▶ _Extracted records_:

[Start of section]

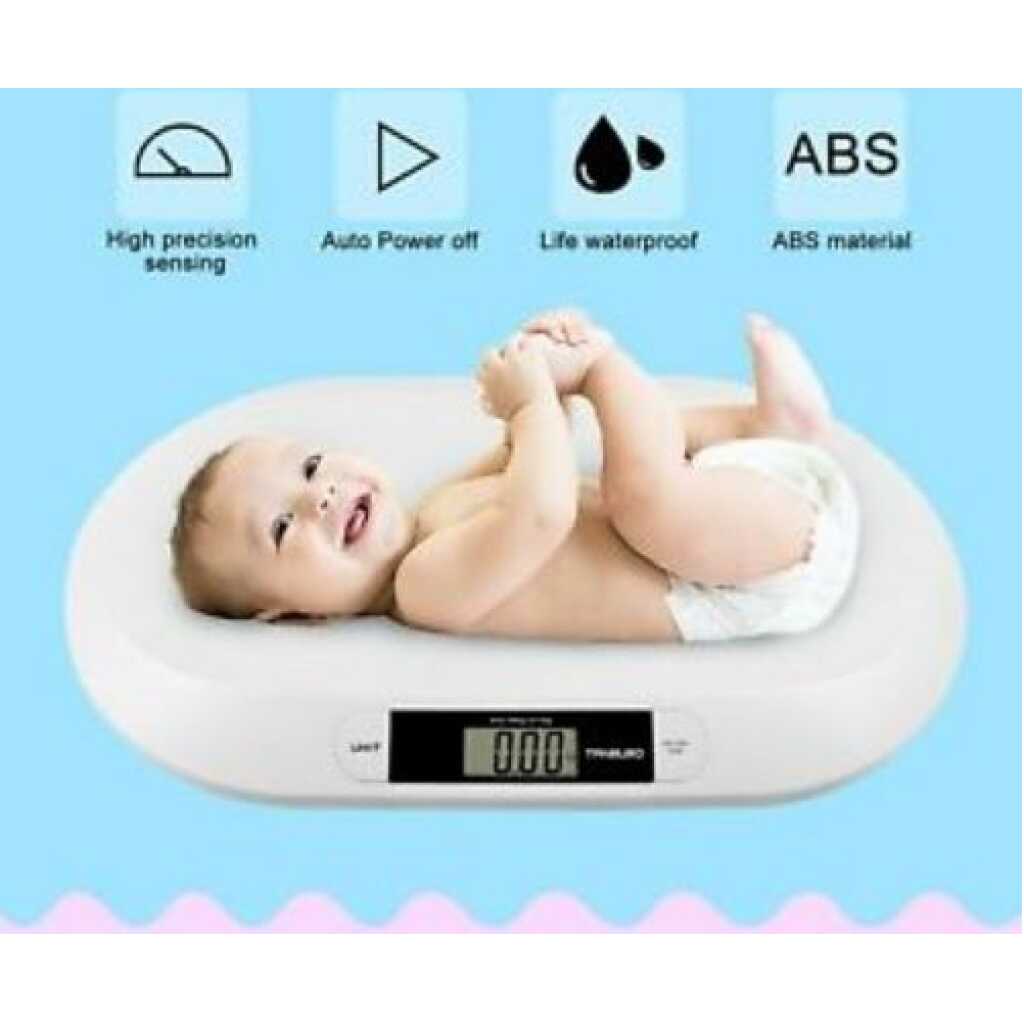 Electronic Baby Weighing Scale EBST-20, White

[End of section]
[Start of section]

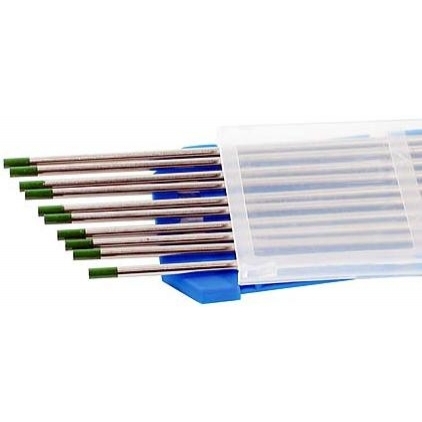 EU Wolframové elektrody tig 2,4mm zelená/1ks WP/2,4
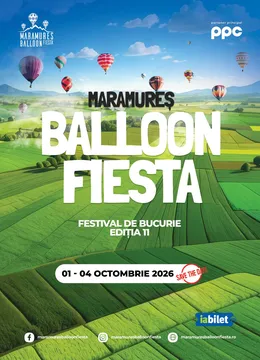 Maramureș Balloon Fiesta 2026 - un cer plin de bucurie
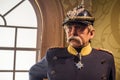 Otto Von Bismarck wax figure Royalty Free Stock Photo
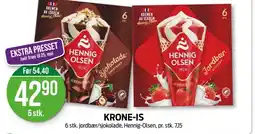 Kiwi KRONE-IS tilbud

[End of section]
[Start of section]

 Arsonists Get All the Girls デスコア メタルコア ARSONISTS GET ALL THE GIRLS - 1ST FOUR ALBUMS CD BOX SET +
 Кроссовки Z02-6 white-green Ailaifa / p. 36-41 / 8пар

[End of section]

Go back to the listing above and reproduce, exactly, the stretch from the line bearing "EU Wolframové elektrody" through the line bearing "Kiwi KRONE-IS tilbud", without its pictures.

 EU Wolframové elektrody tig 2,4mm zelená/1ks WP/2,4
 Maramureș Balloon Fiesta 2026 - un cer plin de bucurie
 Otto Von Bismarck wax figure Royalty Free Stock Photo
 Kiwi KRONE-IS tilbud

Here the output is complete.